Olson seeks to explain why some nations achieve high rates of economic growth while others suffer bouts of stagflation. He contends that the number and strength of "distributional coalitions," coupled with the length of economic and political stability will influence a nation's rate of economic growth. As such, Olson's hypothesis is two fold. First, Olson argues that states with lower levels of "distributional coalitions" often have higher rates of economic growth. Second, states which have experienced prolonged periods of disorder or armed conflict will have lower numbers of interest-group, or collusion organizations.

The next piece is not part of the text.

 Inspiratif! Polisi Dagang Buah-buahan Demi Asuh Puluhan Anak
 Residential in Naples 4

Olson's explanation builds upon his early work in The Logic of Collective Action, which holds that "...large groups, at least if they are composed of rational individuals, will not act in their group interest" (18). Rather, the rational actor will seek to further his or her self-interest, and will subsequently free-ride when possible. Olson expands the scope of this logic to encompass not only the rationality of the individual, but the rationality of the firm in explaining The Rise and Decline of Nations.

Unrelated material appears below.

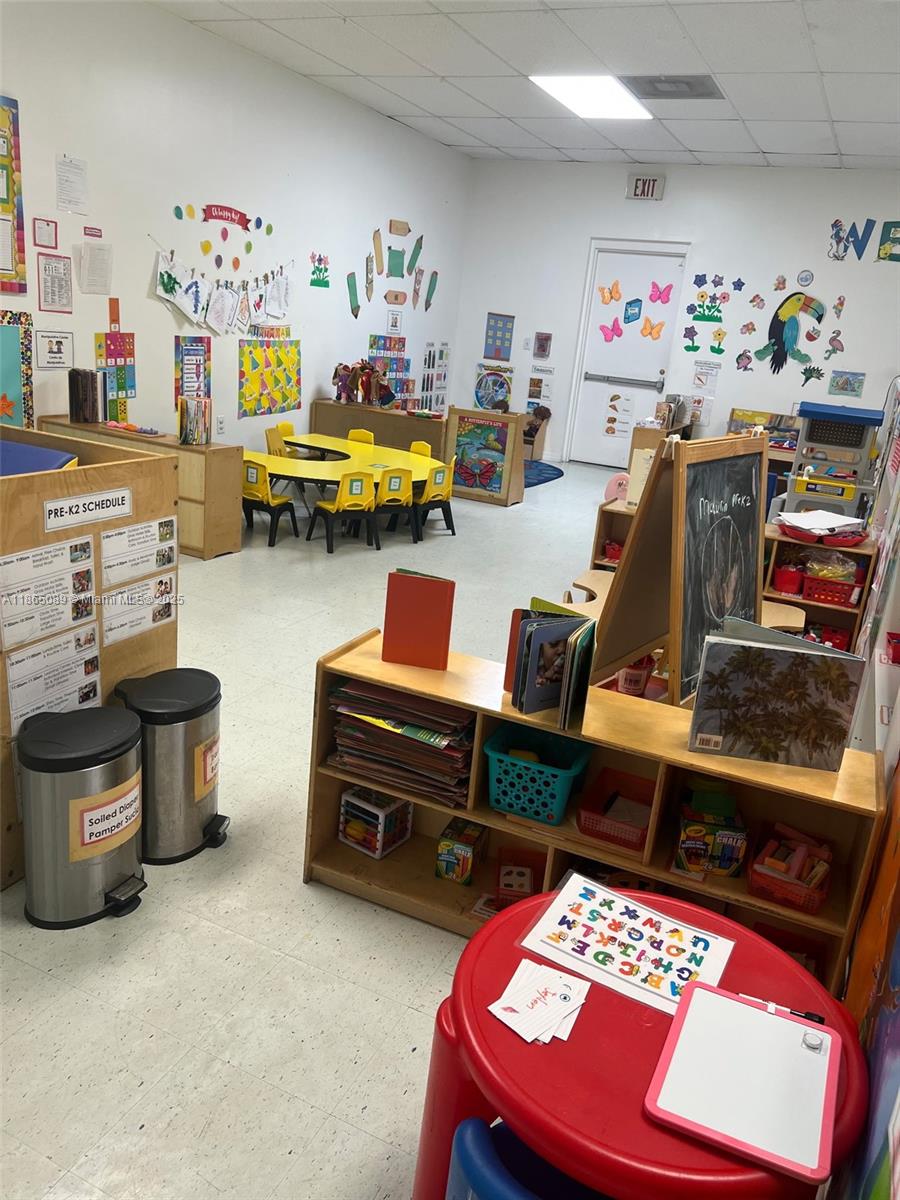 Подробнее / кв.футов $ 2025-09-09 0 Фото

As the power of the firm expands, the firm seeks to maximize its own utility at the expense of a societal common good. In order to simplify a complex argument, we can think of Olson's theory in this way. An organization or firm will not expend its energy to create a benefit to society writ large, as it, and its members, will only receive a fragment of that benefit in relation to the costs incurred. On the other hand, if the same firm seeks to maximize its utility, it will seek to obtain a larger slice of the social "pie." In so doing, it may lower the benefits of society as a whole, but will significantly expand its own gain and that of its members. Meanwhile the firm will only incur a fraction of the costs such action projects on society at large. As such, Olson writes, "The great majority of special-interest organizations redistribute income rather than create it and in the ways that reduce social efficiency and output" (47).
Olson argues that a society with long-term stability - free from war, and economic and political turmoil - tend to accrue more special-interest and collusion groups. This occurs because it takes time and reasonable amount of stability for such interest-groups to organize, solidify, and begin to achieve some collective benefits for their members. Once collective benefits are seen as the result of organization, a host of other interests will begin to coalesce and seek to obtain gains for themselves. What emerges is a highly pluralistic society.
This leads us to the second part of Olson's hypothesis, those nations with high numbers of special-interest or collusion groups have lower levels of economic growth. Olson writes, "Distributional coalitions slow down a society's capacity to adopt new technologies and reallocate resources in response to changing conditions, and they reduce the rate of economic growth" (65). First, distributional coalitions stymie technological adoption when such innovation stands to benefit a rival group. A present day illustration can be found in a labor unions vehement opposition to the implementation of labor saving machinery. Second, distributional coalitions will attempt to block policy initiatives that change the status quo. When policy needs to be developed to increase economic or social advancement, the special-interest groups are likely to feel a certain displacement and will act to prevent such policy. According to Olson, these actions, coupled with others, often lead to policies which promote policies which have the potential to stifle economic growth.